A move to Napoli is absolutely possible, but not without its difficulties. Osimhen is the only player Napoli have ever signed for a transfer fee higher than the one Chelsea are demanding for Lukaku. President Aurelio De Laurentiis has never sanctioned such a level of financial investment in a player over the age of 30. Then there is the Belgian’s gargantuan salary. Napoli have slashed their wage bill dramatically in the past two years, which was part of the motivation for sending Kalidou Koulibaly to Stamford Bridge in the summer of 2022.

The biggest limiting factor on Lukaku’s market appeal is that he is 31 and three years removed from his last season of prime attacking production working under Conte at Inter. ‘Old and expensive’ is not the recruitment philosophy of any of the relatively few European clubs with the financial means to take Lukaku off Chelsea’s hands permanently.

There is no evidence Fenerbahce should be on that shortlist, even if they are now in thrall to Mourinho. He also played down the notion after his unveiling earlier this month. “Names of my previous players of my previous clubs,” he said. “I want to make it 100 per cent my word, I have zero interest in any player of AS Roma.”

It is little surprise, then, that Lukaku signalled greater openness to the prospect of a move to Saudi Arabia in an interview with Belgian broadcaster VTM last week. “Saudi Arabia wouldn’t stop me,” he said. “The level will only increase, to a much higher level than many people think.

“More and more football players will tend to play there because of how the fans there experience football. The infrastructure still needs to be improved, but all major European top clubs know, ‘Saudi Arabia is coming’. You already see that in boxing, golf, Formula 1…”


Lukaku has worked well with Conte, now in charge of Napoli, over the years (Miguel Medina/AFP via Getty Images)

Lukaku added that he had been “scared” when first presented with the chance to join Saudi Pro League champions Al Hilal last summer, unsure about the level of the football. What will scare Chelsea more is the idea that he has come around to the idea a year too late, when the options to agree a deal that satisfies all parties are greatly reduced.

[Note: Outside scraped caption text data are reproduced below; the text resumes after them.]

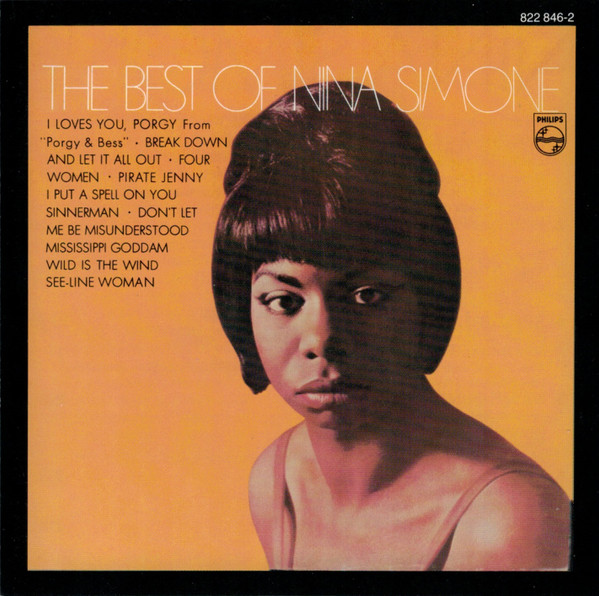 Nina Simone, The Best Of Nina Simone, CD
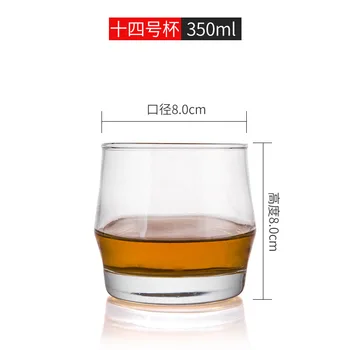 

Quail Wine Glass,Lead-free High Capacity Beer Glass,mug,Transparent Cup,Beer Whiskey Brandy Vodka Cup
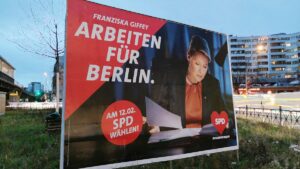 Bericht: Giffey erwägt Rücktritt bei Groko-Ablehnung ihrer Partei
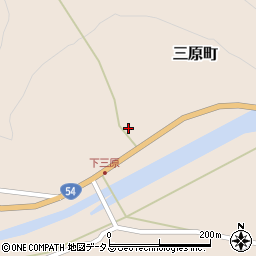 広島県三次市三原町328周辺の地図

It has not escaped notice around Europe that Saudi Pro League clubs are significantly more restrained than they were last summer, when a splashy recruitment drive disrupted the transfer market and led to a wave of high-profile players following Cristiano Ronaldo to the Gulf, enabling proactive sellers like Chelsea to unload expensive veterans in the process.

Big spending then was largely confined to the four clubs owned by Saudi Arabia’s Public Investment Fund: Al Hilal, Al Nassr, Al Ahli and Al Ittihad. The only other Saudi Pro League clubs who have marked themselves out as potential suitors for major European players are Steven Gerrard’s Al Ettifaq and newly-promoted Al Qadsiah, owned by Saudi Aramco.

Lukaku’s wariness last summer prompted Al Hilal to move on to Aleksandar Mitrovic, who went on to score 28 league goals in their title-winning season. Al Nassr have Ronaldo up front, Al Ahli have Roberto Firmino and Al Ittihad have Karim Benzema. With only eight slots allowed for foreign players in Saudi Pro League squads (with two more added for players aged 21 or younger for next season), there is not much incentive to invest heavily in another pure No 9.

Saudi Pro League clubs will undoubtedly browse Europe’s transfer market with interest again this summer, but it is far from assured that Lukaku will be the priority he was 12 months ago. If he is not, Chelsea’s hopes of creating a viable market to sell him at their valuation look forlorn. Much could rest on Lukaku’s long-standing relationship with former Stamford Bridge technical director Michael Emenalo, now director of football for the Saudi Pro League.

Lukaku can help his cause by firing Belgium through a favourable Euro 2024 group that pits them against Slovakia, Romania and Ukraine. He has every incentive to do so and Chelsea have every reason to cheer him on because neither party wants to kick the can down the road again on a loveless union that, incredibly, still has two years left to run.